The Cockrell School of Engineering at the University of Texas in Austin this week issued a report, three years in the making, “Don’t Mess with Texas: Getting the Lone Star State to Net-Zero by 2050.” The study was co-authored by Vibrant Clean Energy and the University of Colorado Boulder. Funding was provided by The Cynthia and George Mitchell Foundation, the Energy Foundation, the meadows Foundation, and the Catena Foundation.
The study focused on four scenarios: Business as Usual, Electrification, Electrification with Accelerated Clean Power, Hydrogen and Carriers, and Extensive Capture. The study analyzed the viability of technologies for each scenario and its impact on carbon emissions, pollutant emissions, energy efficiency, job creation, water use, and land use. Its conclusion:
Achieving net-zero is difficult, but it’s also potentially lucrative; our analysis estimates it could spur economic growth and create jobs. In each scenario, we consider the environmental, economic, and jobs impacts to Texas over the next thirty years in transitioning Texas to net-zero conditions. We compare and discuss each scenario, including BAU, to reveal key policies, technological developments, economic impacts, and environmental trade-offs across the various pathways. These scenarios are neither predictive nor prescriptive. Rather, they are illustrative. A key takeaway is that it is possible for the Lone Star State to achieve a net-zero future, and there are multiple ways of getting there. The actual path Texas takes will likely look different from any of these scenarios, but assessing the trade-offs of different pathways can provide valuable insight for the next steps to take. Scenario conditions that have an outsized influence on future emissions or are present across multiple pathways should be strongly considered in the near term as win-win decisions Texas can make now while future technology development and market conditions continue to unfold. Figure ES-2 summarizes the major impacts from each scenario.

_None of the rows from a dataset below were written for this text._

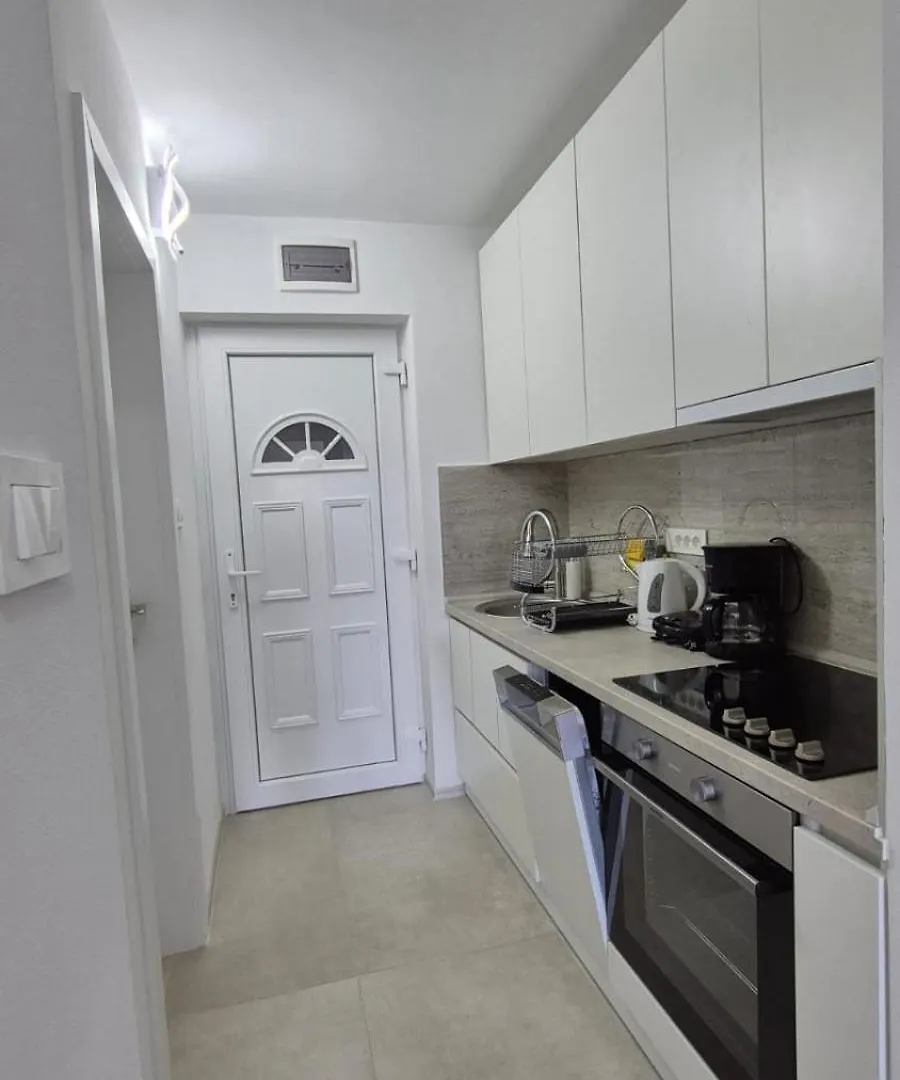 Meressa Leonardo Apartment Novigrad Istria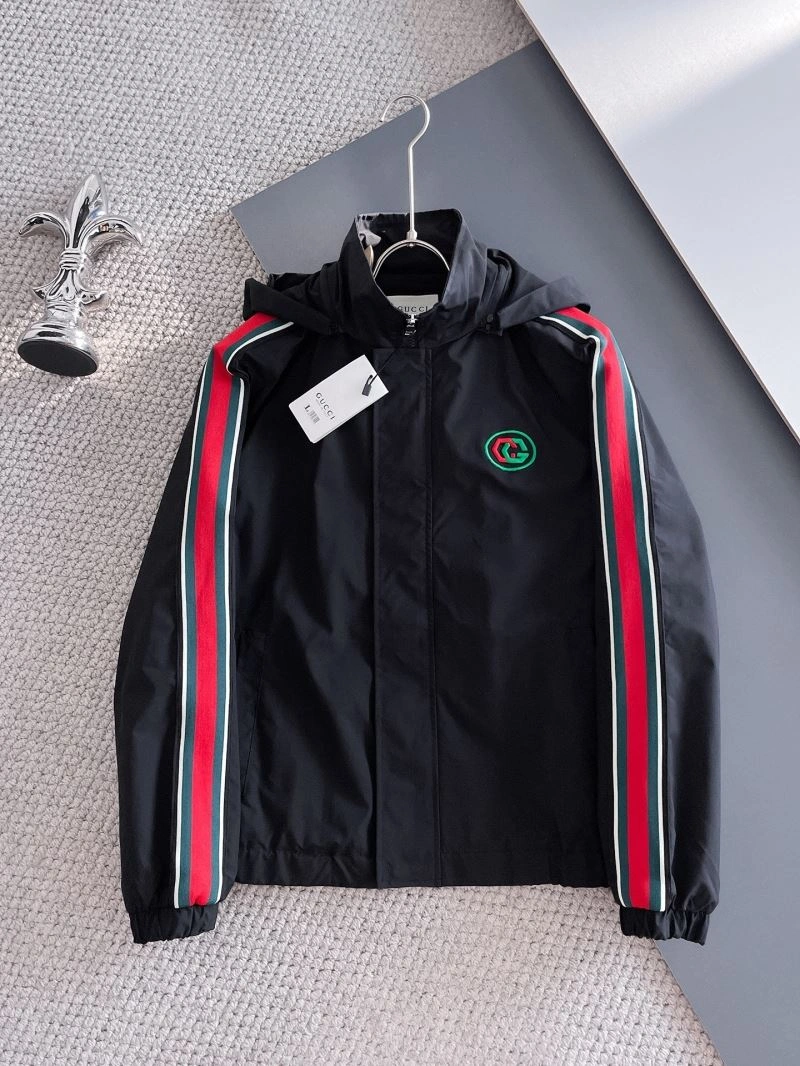 Gucci Outwear Bold 127655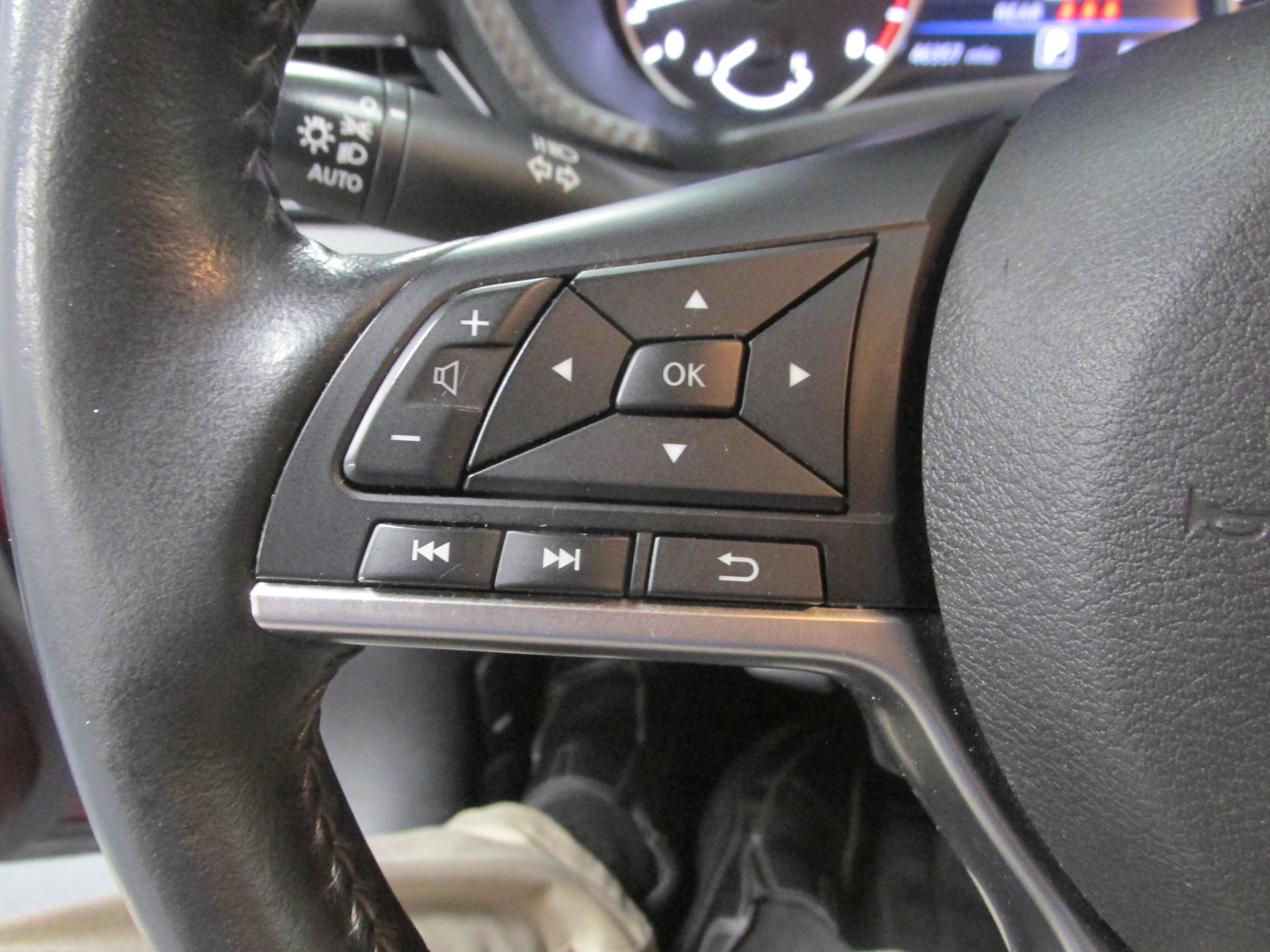 Used 2024 Nissan Sentra SV w/ All-Weather Package FWD image 31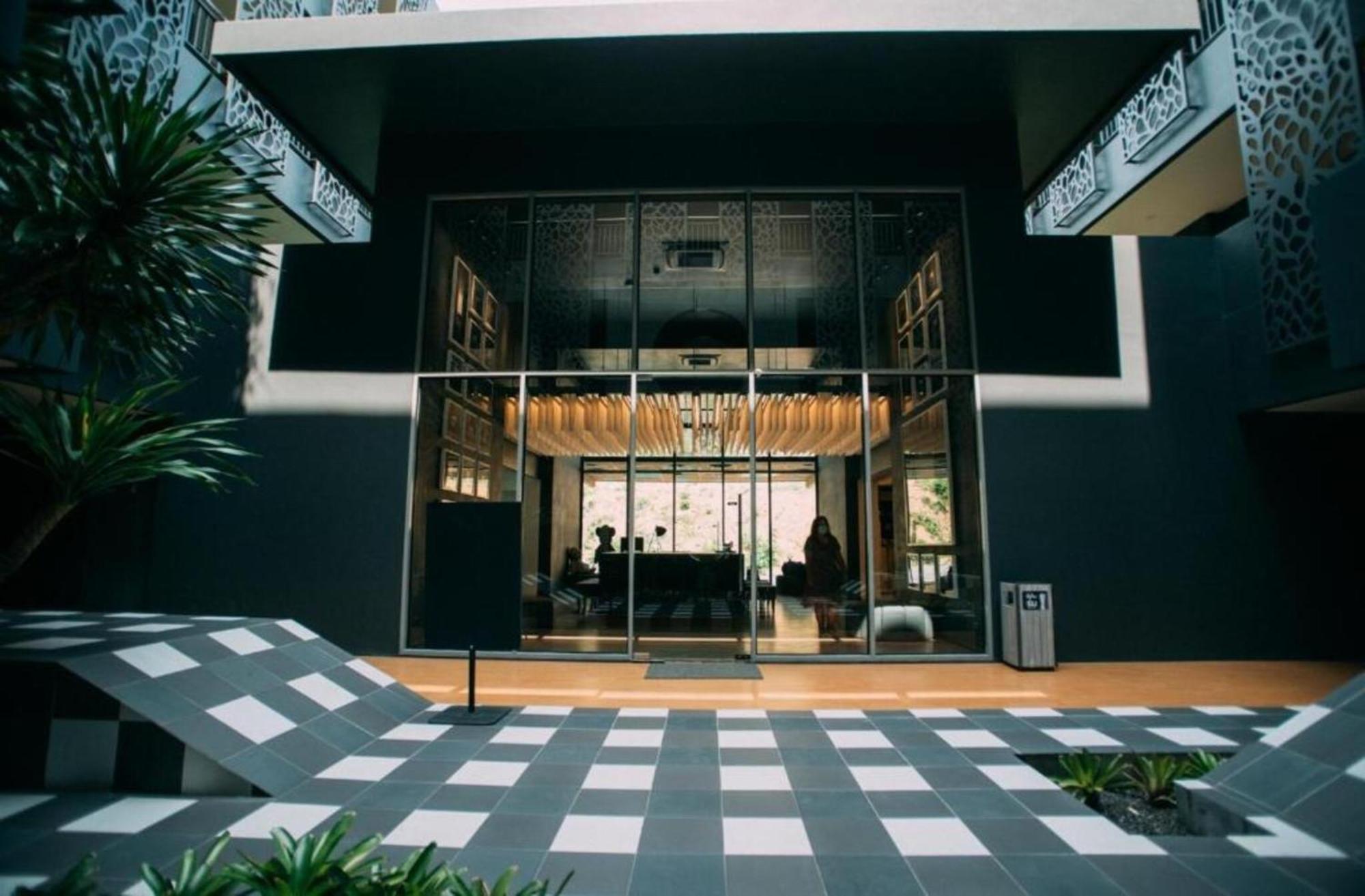 Hotel Hotel Tide Phuket Beachfront 5*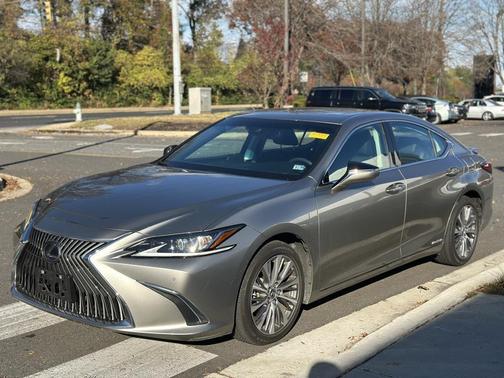 2021 Lexus ES 300h Base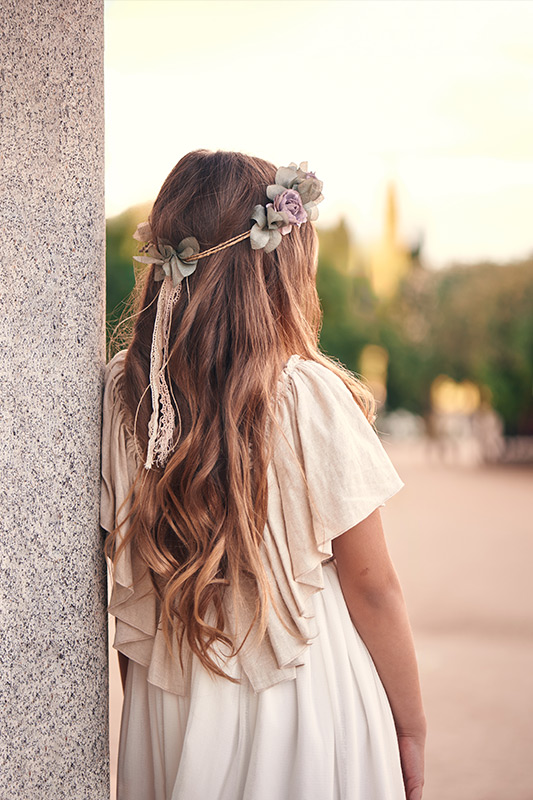 Niña sesión de fotos de comunión en Madrid de espaldas Sesion de fotos comunion Madrid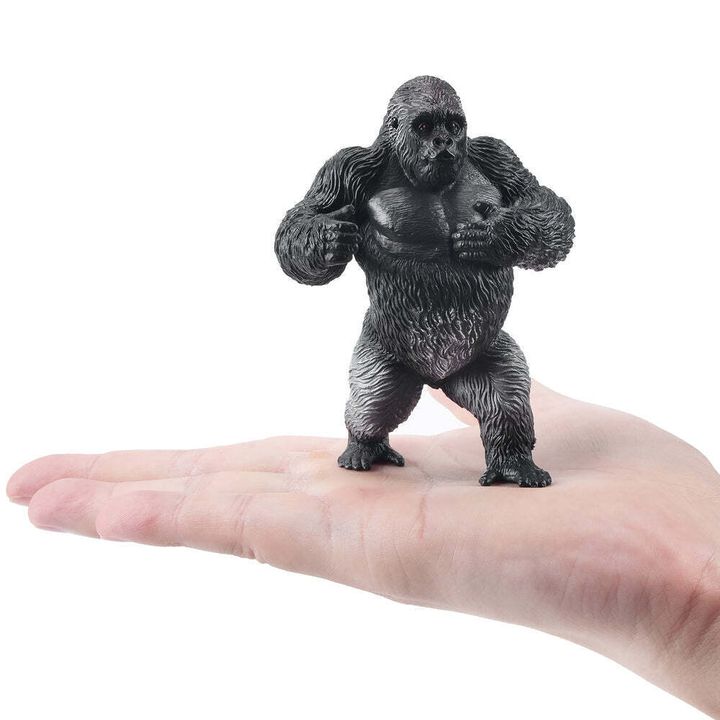 Toymany_Gorilla_Figurine_Toy-on_hand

The study’s top ten takeaways:
- Decarbonizing by 2050 can spur economic growth and create jobs.
- Zero-carbon hydrogen from electrolysis and renewable energy could help spur economic growth while decarbonizing hard-to-abate sectors and products/carriers.
- The industrial sector presents a large opportunity for emission reductions, but is also the most difficult sector to fully decarbonize.
- Clean electricity can flexibly power multiple sectors, drive state-wide energy efficiency, and significantly reduce greenhouse gas and criteria pollutant emissions, improving air quality and public health.
- Wind, solar, and storage dominate the Texas clean electricity narrative, but natural gas still has a role to play.
- Efficiency standards, ‘clean-up-your-act’ policies, and electric transportation are effective low-hanging fruit with low barriers to entry.
- Carbon management technologies like Direct Air Capture and Sequestration (DACS) are important for getting all the way to zero and can foster new industries around capturing the hardest-to-abate emissions.
- Going net-zero provides opportunities to improve energy-system resilience and mitigate the impacts of extreme weather events.
- Decarbonization comes with multiple environmental co-benefits and trade-offs.
- To ensure decarbonization is the most equitable solution for everyone, supporting policies should be designed to remedy rather than exacerbate distributional equity gaps.